PSY 5246C: Fall 2022 Syllabus
Multivariate Analysis in
Applied Psychological Research

1 Instructor Information

  • Instructor: Dr. Stefany Coxe
    • Ph.D., Quantitative Psychology from Arizona State University
    • I evaluate and apply advanced statistical methods in behavioral research, especially regression models for categorical outcomes and statistical graphics
    • Email () is always the best way to contact me! If you don’t hear back from me in a couple days, send me another email
    • Office Hours are by appointment via Zoom (link also on Canvas)
  • Teaching Assistant: Morgan Jusko
    • Email:
    • Office Hours are Wednesday 1 to 2pm via Zoom (link also on Canvas)

2 Course Information

2.1 Format and Meetings

This is a hybrid course. We will meet in person each Wednesday from 10:30am to 11:45am in PC 419; you will be responsible for completing course assignments such as videos and readings prior to class in order to be prepared to participate in the in-person meeting. See Assessments and Schedule below.

2.2 Learning Goals

This course covers topics related to multivariate statistical analysis, focusing on methods used in the social sciences and health research. You will learn about matrix algebra, linear regression, logistic regression, Poisson regression, factor analysis, principal components analysis, mixed models, and mediation. You will be able to analyze, interpret, and write up results using these methods. This course will provide you with the background and confidence for further study in applied statistics.

2.3 Learning Objectives

  • Compare and contrast possible analysis options based on the research question
  • Select the appropriate analysis approach for the research question
  • Analyze data with statistical methods appropriate to the research question
  • Create a written report of your findings
  • Make conclusions about your research question(s) based on those results
  • Discover a love of statistics!

2.4 Prerequisites

Graduate coursework in analysis of variance and linear regression, such as PSY 5939: Quant 1 and PSY 5939: Quant 2. We will cover a variety of topics in this course, but all of them build on a general linear model (ANOVA and regression) framework.

2.5 Software and Technology

  • Canvas

Course materials will be posted on Canvas.
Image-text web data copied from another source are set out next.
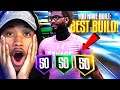THE BEST PG BUILD 108 BADGE POINTS! Nba 2k22 Gameplay!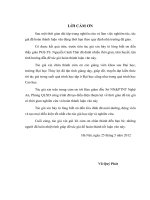 nghiên cứu trạng thái ứng suất, biến dạng của hào bentonite chống thấm bằng phương pháp phần tử hữu hạn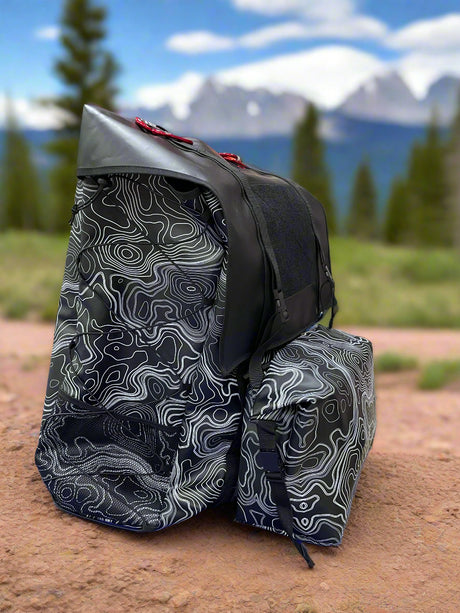 Spare tire trail bag trasharoo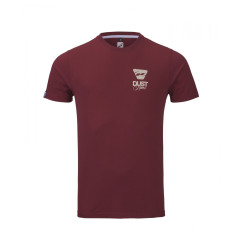 KENNY RACING KOSZULKA T-SHIRT DUST BURGUNDY KOLOR BURGUNDOWY ROZMIAR XL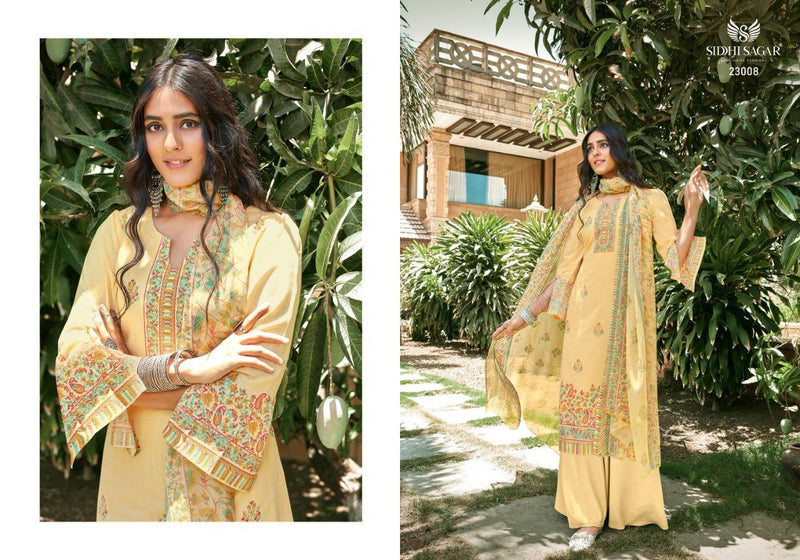 Rajkanya By Siddhi Sagar Pure Lawn Cotton Printed Designer Attractive Look Party Wear  Salwar Kameez
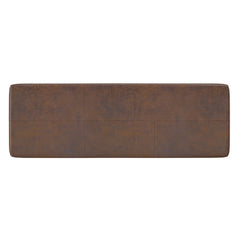 Carlson - Ottoman Bench, Mid Century Design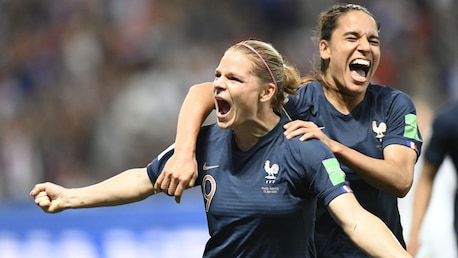 Le but de Eugenie Le Sommer 71' | France - Norvège | Coupe du Monde Féminine de la FIFA, France 2019™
Lecture videos will be posted on Playposit, with links in Canvas. You will submit all assignments via Canvas.

  • Statistical software

We will use SPSS and R for this course. I expect you to be able to use at least one of these software packages to do things like open datasets, transform variables, conduct simple analyses, etc. I will provide information about the specific procedures you will need to know for this course.

We will briefly use Mplus later in the course. I do not expect you to know anything about Mplus; I will provide input and output files for you for this portion of the course.

2.6 Course Structure

This course takes place in a hybrid format. We will meet in person for 1 hour 15 minutes each week. You will be responsible for completing course assignments such as videos and readings prior to class in order to be prepared to participate in the in-person meeting. You will also have assignments to complete outside of class.
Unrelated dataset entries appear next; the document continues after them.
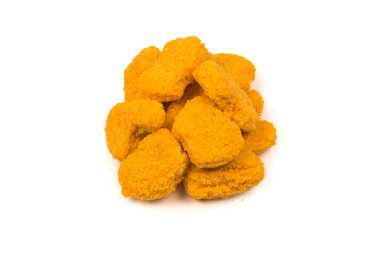 Külçeler beyaz arkaplanda izole edilmiş.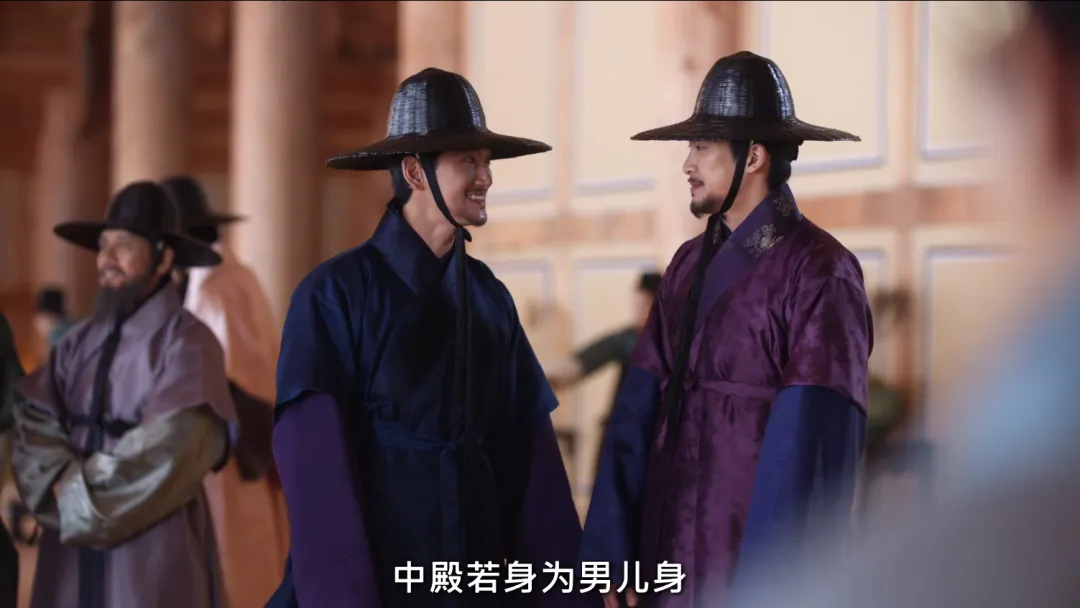 話題度極高的新上古裝尺度韓劇《元敬王后》，女主竟然是她！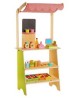 9172 *TIENDITA DE MADERA* (39.5×91 cm.) +30 Accesorios.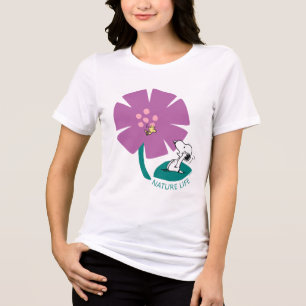 Jordnötter   Belysning av naturens Lila T Shirt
Each week will follow a similar structure:

  • Monday: Lecture videos posted early in the day

  • Tuesday: Watch lecture and complete embedded questions by 8pm

  • Wednesday: In-person meeting to review material and work on applications

  • Thursday: Reflection due by 8pm

  • Sunday: Homework assignment due by 8pm

2.6.1 Assessments

Your work in this course will be assessed using a variety of methods.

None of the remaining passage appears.